Question: Trinity Error with the the flag of --run_as_paired
0
gravatar for seta
4.1 years ago by
seta1.2k
Sweden
seta1.2k wrote:

I did de novo transcriptome assembly after trimming on about 320 million Illumina paired end reads (strand-specific library, FR) using CLC genomic workbench software. Now, I'm trying to perform the same assembly using Trinity (20140717) by the following code: 

./Trinity --seqType fa --JM 180G --run_as_paired file1.fa --normalize_reads --SS_lib_type FR --CPU 6 --full_cleanup

But, the Trinity gives me an error, it says: "Error, do not understand options: file1.fa", and sometimes, it says: "Error, do not understand options: file1.fa and SS__lib_type FR"

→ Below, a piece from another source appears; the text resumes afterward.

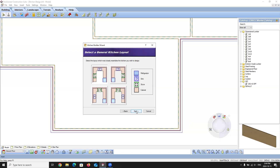Now it's asking you to select a general kitchen layout — essentially your kitchen triangle. Where do you want your appliances located and how do you want them oriented? You can see we have our stove, sink, and refrigerator. In our design I want the sink on the wall with a window to look outside, the stove on this wall, and the refrigerator over here. I'm going to use this option, which when rotated puts the sink, stove, and refrigerator in the exact spots I want. I'll select Next.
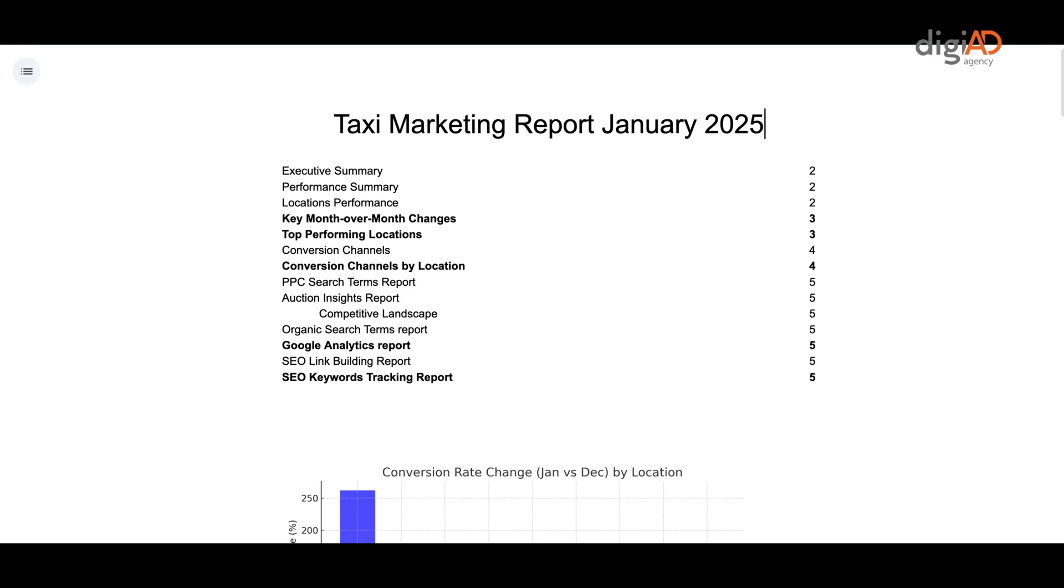Hello everyone, today I am going to show you how we create these digital marketing performance reports for local taxi firms using AI assistance.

Actually, file1.fa is a output of CLC genomic software after trimming in FASTA format. Since I plan to compare and probably combine the assembly results derived from both, CLC and Trinity tools, I have to do trimming using CLC and then use the trimmed file as an input file for Trinity.Is there anybody with similar experience? could you please help me out to solve the problem?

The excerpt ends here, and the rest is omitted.